- Run to the store to buy juice boxes, goldfish crackers, raisins, assorted cheaply made toys designed to be hurled into the backseat at the first sign of a tantrum.
- Eat all the leftovers in the fridge, even the questionable ones, over the three days leading up to the trip. The ancient pizza, the fossilized Chinese food, the milk on the verge of going bad, the giant vat of bean soup everyone hates but mom keeps making because it’s cheap and has at least a 2 percent nutritional value. Eat it. Eat it all.
- Do everyone’s laundry because every single person in the household only wants to bring the outfits they wore for the past five days.
- Run back to the store because you just realized you are out of dish soap and need to run the dishwasher before you leave.
- Spend 45 minutes looking for suitcases in the attic.
- Realize suitcases are still in the corner of the bedroom where you left them the last time you took a trip and still contain the dirty laundry from said trip.
- Unpack suitcases.
- Do laundry. Again.
- Run back to the store AGAIN for Little Swimmer diapers because the hotel has a pool. Pay $10 for an entire pack even though you will likely only use one. Cry briefly in the car.
- Gather all the chargers for everyone’s electronic devices. Keep removing chargers from the pile of chargers because everything needs to be charged.
- Look up route on Google Maps. Cry again.
- Drop dog off at the dog-sitter’s house, who you found off of Rover.com after surfing the website for five whole minutes. Feel huge waves of guilt you are abandoning your dog with a complete stranger. Try not to look too concerned when she opens the door and looks 12.
- Run back to that godforsaken piece of crap store AGAIN because the Little Swimmer diapers were the wrong size for your toddler. Also fork over another $10 for another pack because what if your freaking 4-month-old wants to swim too?
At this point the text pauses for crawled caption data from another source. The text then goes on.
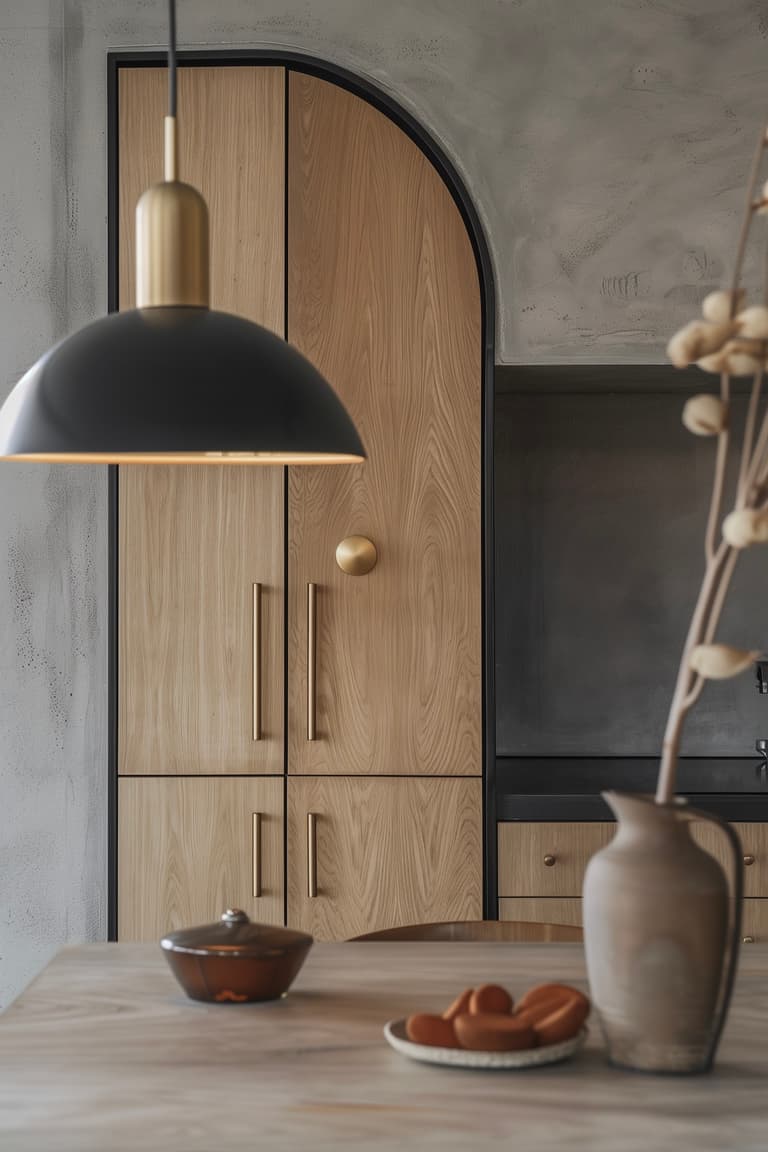cuisine bois noir mur béton laiton placard arche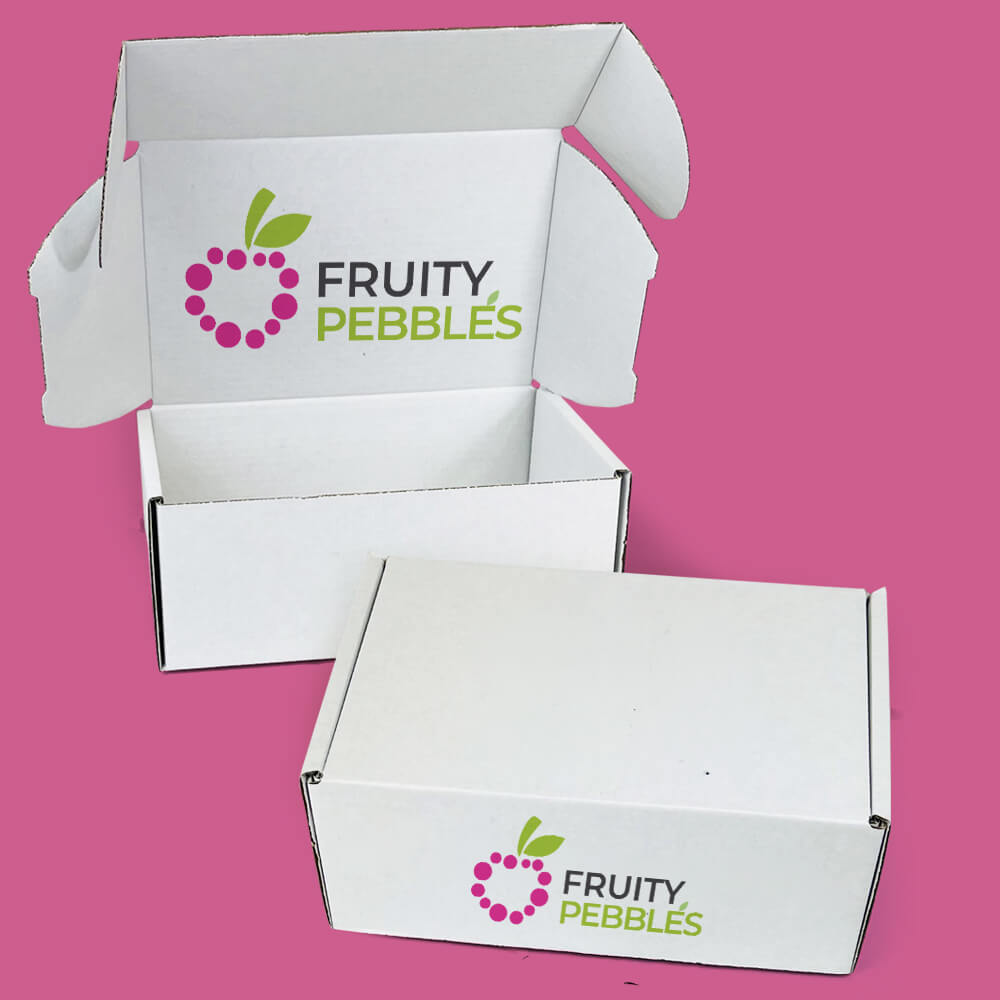 Customised Printed White Postal Boxes - 375x255x150mm - Sample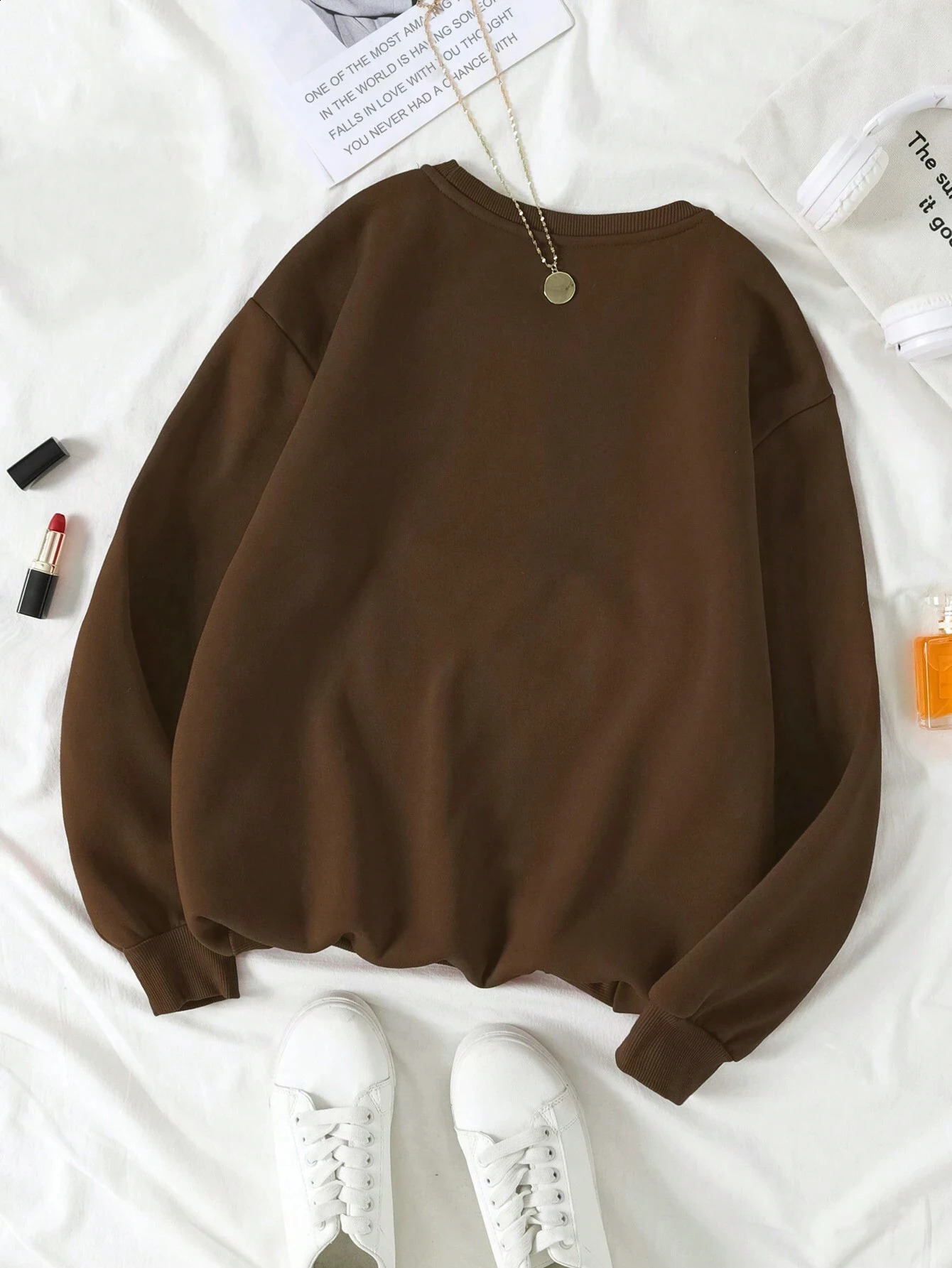 Womens Print Thermal Lined Crew Neck Loose Pullover Long Sleeve Plus Velvet Sweatshirt 250121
Give $3 to a bum in the parking lot so you can take a swig from his brown bag whiskey.
- Pack. Or more precisely, try to fit basically everything you own into every suitcase, backpack, tote bag and ridiculously large purse you own.
- Drag all the luggage to the car the night before. Play the world’s least fun game of Tetris.
- Start drinking heavily.
- Wake up hungover at 4 a.m. Throw everyone in the car with their pajamas on. Get snippy with your significant other over whether the coffee pot is still on.
- Run back into the house to search for Mr. Doody, the stupid stuffed monkey your toddler can’t live without. Give up search after 20 minutes. Go back to the car and see your toddler holding Mr. Doody.
- Try not to murder your significant other when they ask if you checked the coffee pot while you were in there.
- Climb into the driver’s seat.
- Re-enact Ryan Reynolds’ car scene from “Just Friends.”
- Calmly put the car in reverse.
- Take a deep breath as you pull onto the highway and both children immediately start crying.
Checklist for the return trip home
- Hurl everything into the car.
- Throw suitcases into the corner of the bedroom and unpack eight months later when you need the suitcases for another super fun family bonding trip.